··· Task input
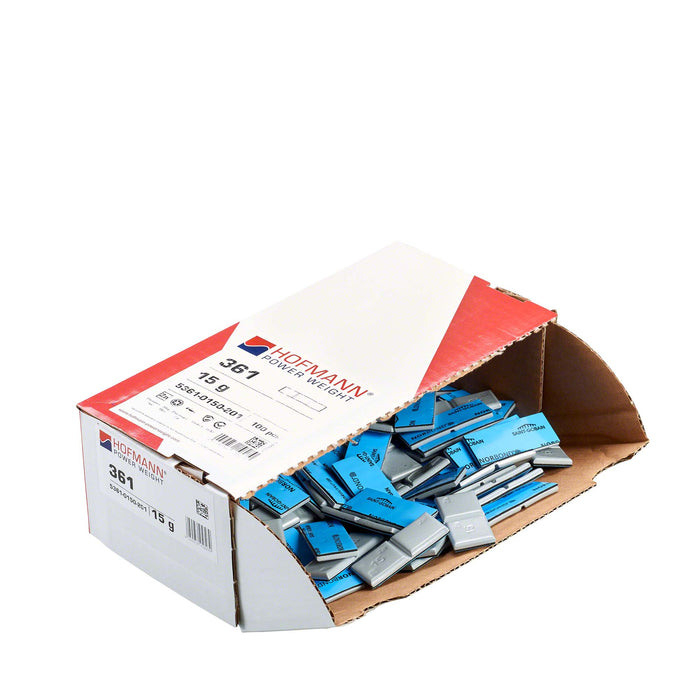 Adhesive Wheel Weight - HPW Type 361 - 15g - Box of 100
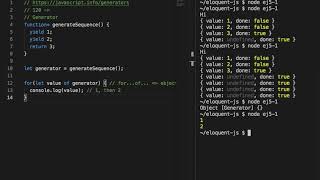 Advanced JS 120 - Generators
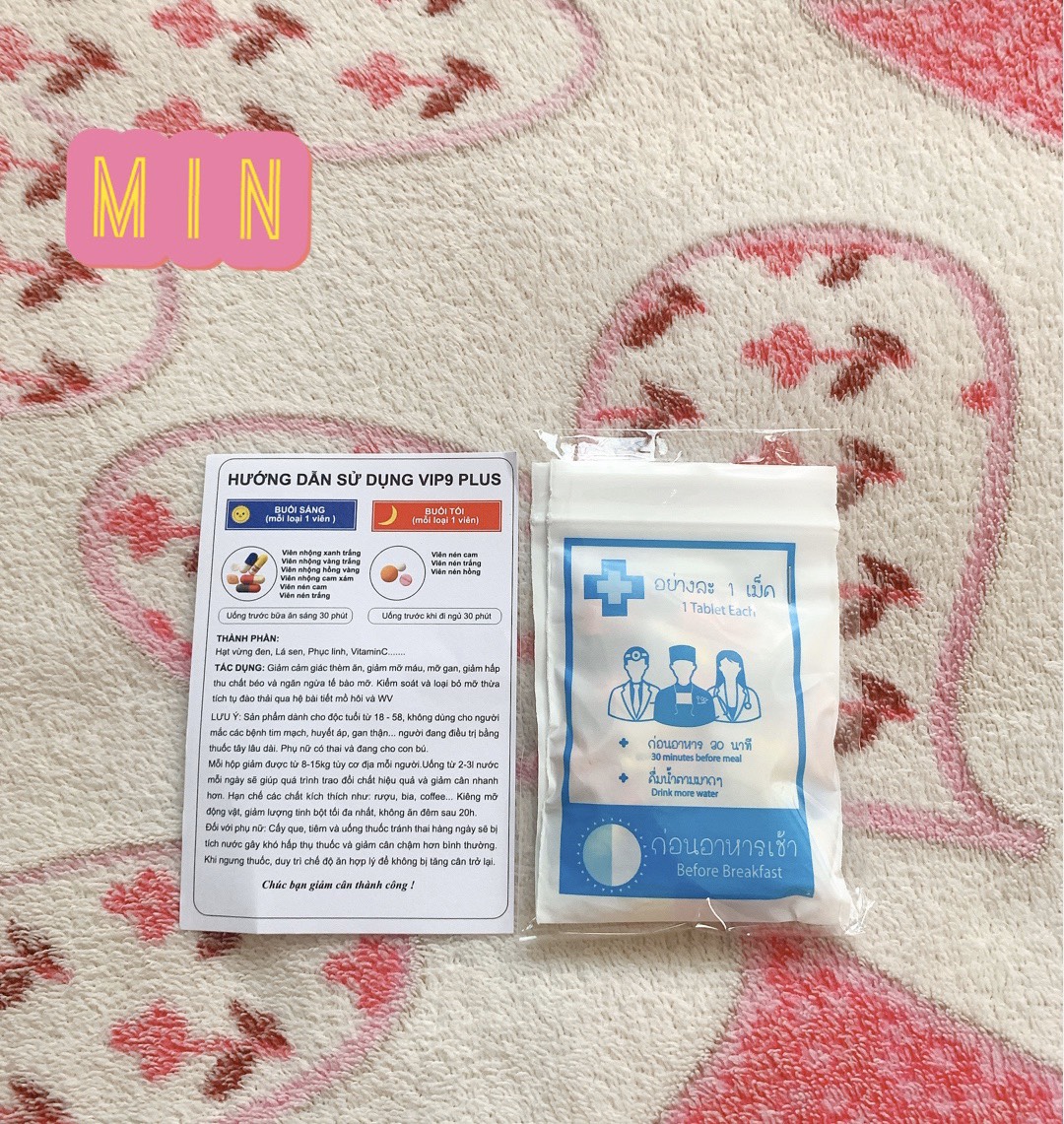 Giảm Cân VIP 9 Yanhee giảm mạnh [ Liệu Trình 1 Tuần ]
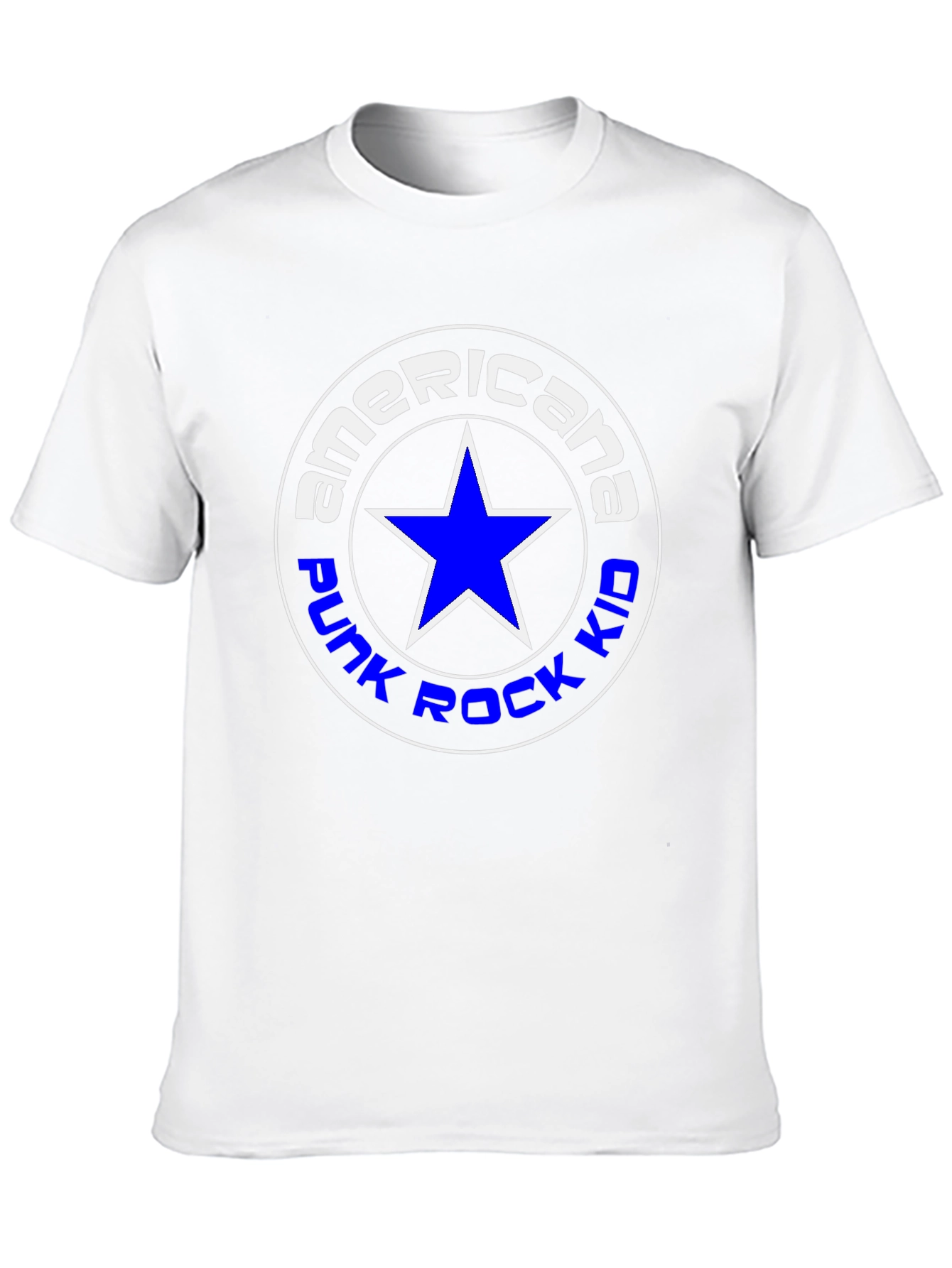 Americana Punk Rock Kid Graphic Tee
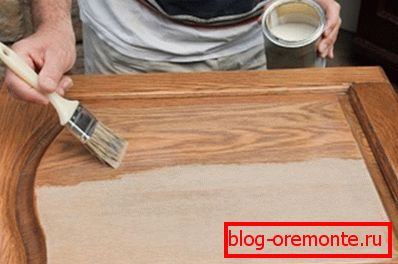 Apply staining to finish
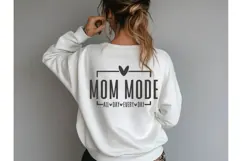 Mom Mode All Day Every Day Svg, Mother's Day Svg Product Image 3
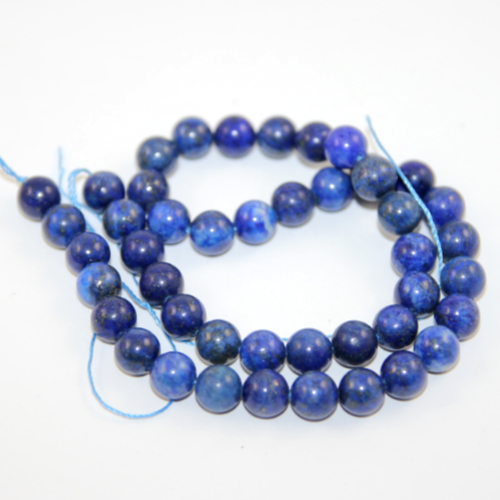 8mm Lapis Lazuli - Grade A - Round Beads - 38cm Strand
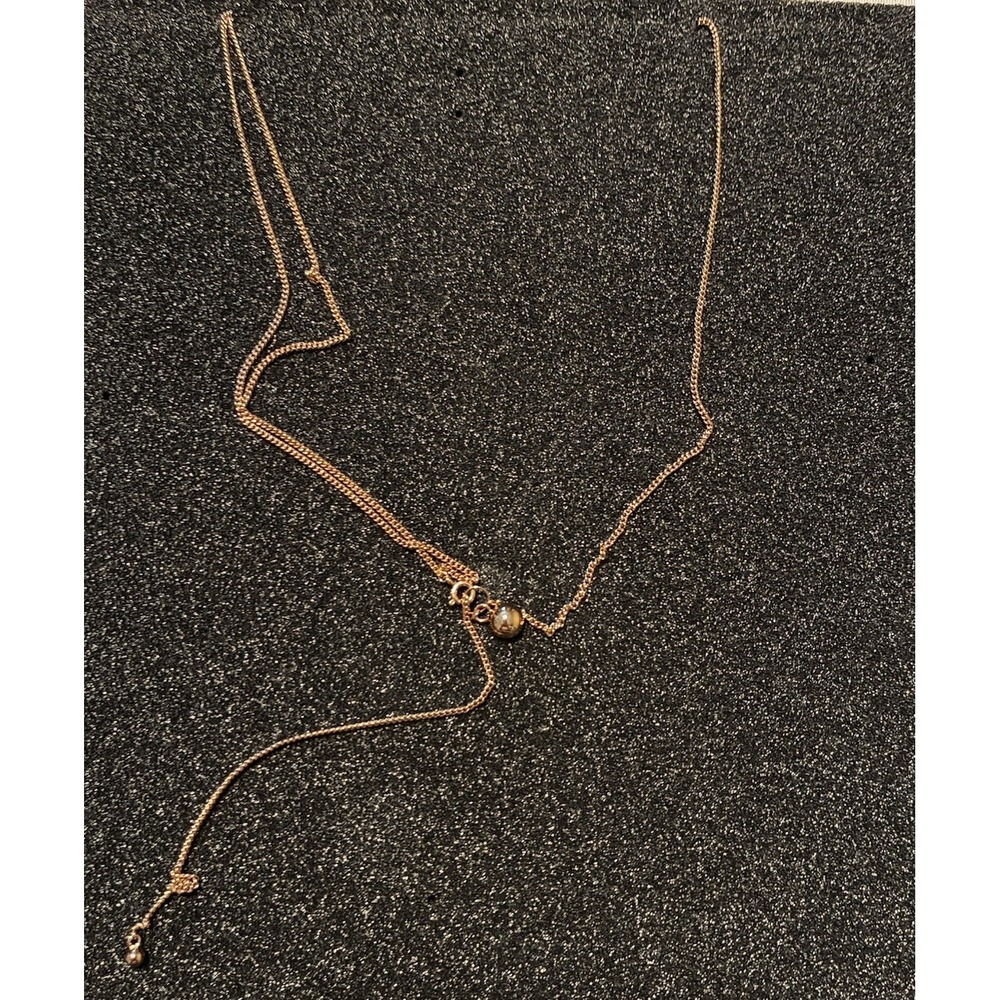 Burberry Multichain Pendant Necklace Gold Tone Black Marbled Resin Box Italy NEW - Picture 9 of 13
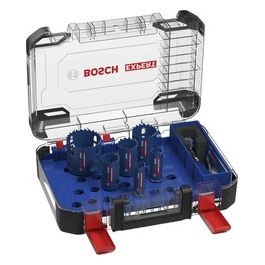 14x Set di Seghe a Tazza Expert Tough Material per Legno con Metallo Diametro 20-76mm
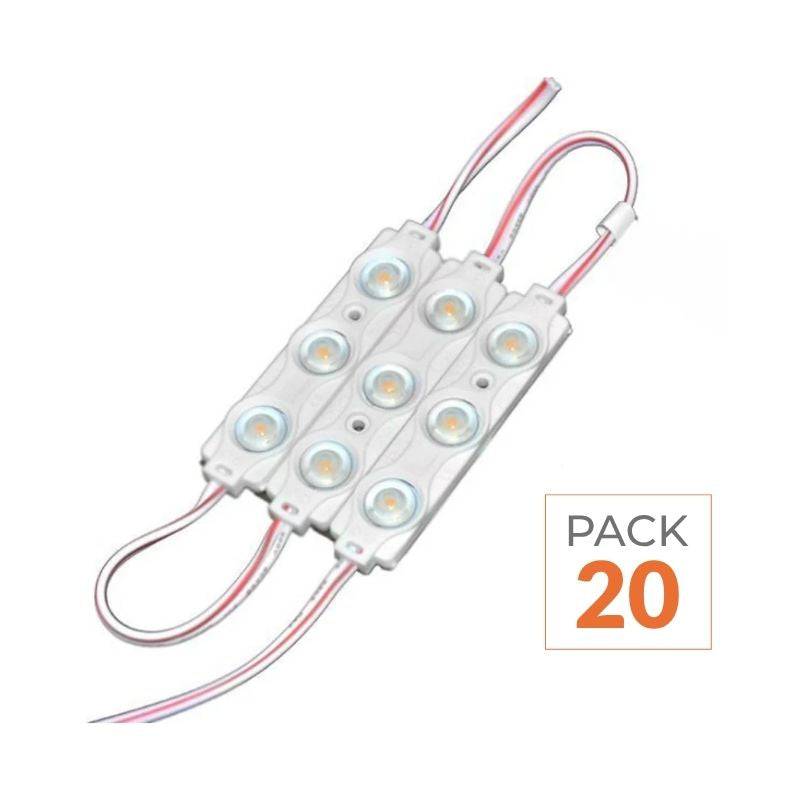 Module LED Barre 30W 12V IP65 pour Enseignes Lumineuses - Pack de 20 - SILAMP-0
······
Exercise goal
The response should be the full material, repeated exactly, with images removed.

Response to this exercise
 Adhesive Wheel Weight - HPW Type 361 - 15g - Box of 100
 Advanced JS 120 - Generators
 Giảm Cân VIP 9 Yanhee giảm mạnh [ Liệu Trình 1 Tuần ]
 Americana Punk Rock Kid Graphic Tee
 Apply staining to finish
 Mom Mode All Day Every Day Svg, Mother's Day Svg Product Image 3
 8mm Lapis Lazuli - Grade A - Round Beads - 38cm Strand
 Burberry Multichain Pendant Necklace Gold Tone Black Marbled Resin Box Italy NEW - Picture 9 of 13
 14x Set di Seghe a Tazza Expert Tough Material per Legno con Metallo Diametro 20-76mm
 Module LED Barre 30W 12V IP65 pour Enseignes Lumineuses - Pack de 20 - SILAMP-0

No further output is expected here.